The transition included personal touches that mattered deeply. Hamilton personally contacted longtime customers-turned-friends to explain this was a happy decision, not forced by circumstances. She ensured her team of seamstresses could stay on if they wanted. And she could finally tell her parents—who’d been helping with operations past retirement age—to actually go be retired.
The 90-day transition period included weekly video calls, with the buyer thoughtfully sending questions ahead of time. They even met in person for an inventory handoff and day-long operational review. “I think that was invaluable for both of us,” Hamilton notes.
Life After the Sale: Freedom to Choose What’s Next
Six months post-sale, Hamilton reflects on what the exit has truly given her: presence.
“I cannot tell you what it has meant to be able to be truly 150% present with my children at home, especially over the summer, and to not have any distraction in the background,” she says. “Time goes by so quickly. I’m very thankful to have this luxury.”
But the entrepreneur itch hasn’t disappeared. “I have 50 million ideas in my head,” Hamilton laughs. She and her husband have wisely set aside funds from the sale for her next venture—but with intentional timing. She’s waiting until her youngest enters full-time school and the family settles into a permanent location post-military service.
“I’m a business owner at heart. I’m a shop girl at heart. I love retail, I love buying, I love production,” she says. “I’d like to do something on a larger scale right off the bat. That’s the luxury this sale has afforded me—time to refine whatever that looks like.”
Lessons from a Decade of Entrepreneurship
Looking back on her journey from $5,000 investment to six-figure sale, Hamilton has hard-won wisdom to share:
Overcome Imposter Syndrome: “Don’t let imagery out there of multi-million dollar businesses make you think you’re not legitimate,” Hamilton urges. “If you’re a stay-at-home mom with a side hustle, you are a business owner. There is a place for everybody in this business world.”

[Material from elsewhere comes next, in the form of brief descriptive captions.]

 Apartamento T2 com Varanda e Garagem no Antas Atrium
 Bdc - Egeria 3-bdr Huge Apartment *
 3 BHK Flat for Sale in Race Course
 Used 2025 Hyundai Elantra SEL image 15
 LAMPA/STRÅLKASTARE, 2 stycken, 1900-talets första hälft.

Just Start: “You never know where it will take you. It doesn’t have to be a big budget idea—just find a way and let your creativity come through.”
Build Community: Dottie’s success came from genuine connection with customers. “One of the most wonderful things about this business is you get interactions with this customer base, and I have customers-turned-friends who have been with me since 2015.”
Don’t Wait for Perfect: Hamilton’s basic record-keeping was “more than enough” for the sale process. “Don’t let that put you off. I am not a business manager or accountant by any stretch, but my files were sufficient.”
Be Transparent: “The more you’re comfortable sharing with potential buyers who’ve signed NDAs, the better. It shows you’re serious and takes away initial questions and doubts.”
Know Your Worth: Understanding your bottom line and being willing to negotiate is crucial. “You have to take care of you. You are running a business.”
Redefining Success: From Revenue to Freedom
Perhaps the most profound shift for Hamilton has been her definition of success itself.
“I feel a lot more legitimized as a business owner now. I feel more accomplished,” she reflects. The sale gave her not just financial security, but personal fulfillment and confidence for whatever comes next.
Most importantly, it gave her choice—the ability to be fully present during a fleeting phase of motherhood while keeping entrepreneurial doors open for the future.
For the thousands of entrepreneurs running boutique businesses, building niche communities, and wondering if their “small” success really counts—Hamilton’s story offers a resounding yes.
“Great oaks grow from tiny acorns,” she says. “Everybody has to start somewhere. If it’s your vision and you’re doing well with it, stick to it. Who knows where it’ll take you.”